Two former directors of CEL Solicitors have been cleared of breaching their duties in setting up a competing firm.
- The Court of Appeal maintained that preparatory actions taken by the directors were lawful and did not conflict with their previous roles.
- Key actions included registering a trading name and seeking regulatory approval, all deemed non-conflictual by the court.
- Judge Bever previously ruled these steps as non-breaching since no trading occurred during their tenure at CEL.
- CEL’s appeal aimed to overturn cost orders but lacked evidence of incurred damage.
The Court of Appeal recently upheld a decision that two directors formerly associated with CEL Solicitors acted within legal boundaries. These individuals, Tom Blanchfield and Mark Montaldo, resigned from their positions in January 2023 to establish a new legal entity. Their efforts were scrutinised as CEL Solicitors alleged these preparatory actions infringed upon fiduciary duties owed to the original firm.
Lord Justice Phillips supported the initial ruling by His Honour Judge Bever, affirming that the actions of Blanchfield and Montaldo, such as registering the business name ‘Complex Claims’, applying for professional indemnity insurance, and engaging in discussions with potential funders, did not constitute a breach. Despite these measures, the business did not commence operations before their departure from CEL, and all steps remained preparatory.
Notably, the discussions with litigation funders, including Deminor, were found to be non-conflicting. CEL had already engaged another exclusive funder, thereby minimising potential conflict. The arguments presented by CEL regarding possible conflicts were dismissed as tenuous, given the existing exclusive agreements.
CEL Solicitors did not seek immediate legal injunctions against the former directors, primarily due to the elapsed time since their actions. Instead, they pursued the appeal to contend the cost orders from the trial.
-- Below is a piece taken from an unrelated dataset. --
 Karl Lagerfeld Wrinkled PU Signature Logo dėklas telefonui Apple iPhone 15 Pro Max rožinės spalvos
However, their basis for claiming damages was unsubstantiated, as the preparatory activities undertaken by the directors did not translate into any calculable harm to CEL.
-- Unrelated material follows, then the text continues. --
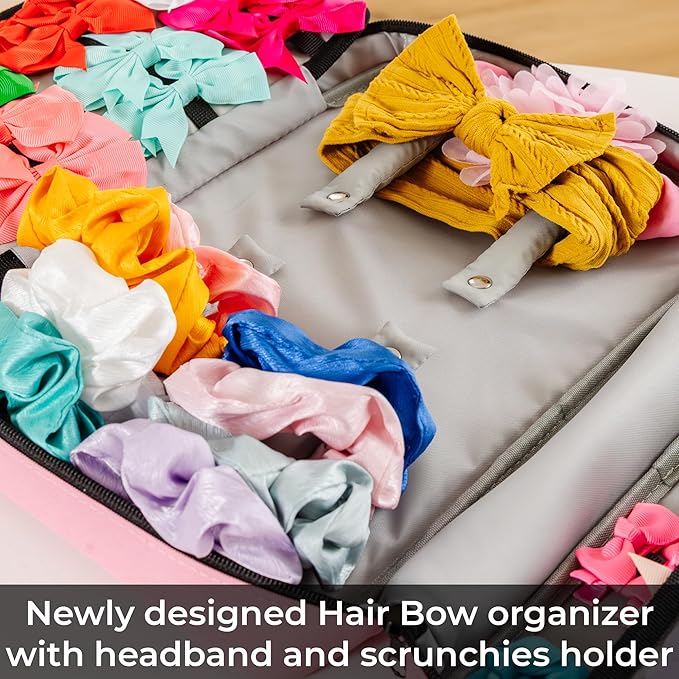 2 in 1 Newly Designed Headband & Hair Bow Organizer for Girls Display Bag - Large Capacity Girls Hair Accessories Organizer, Holds Hair Clips, and Hair tie with a Rotating Hook, Travel-Friendly.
The appeal’s dismissal reaffirmed the original judgment, as any technical breaches were insufficient to overturn the initial cost ruling. CEL’s contention was perceived as largely strategic, aimed at altering financial implications rather than addressing substantive legal grievances.
The Court’s decision demonstrates that careful preparatory actions by directors do not inherently breach fiduciary duties.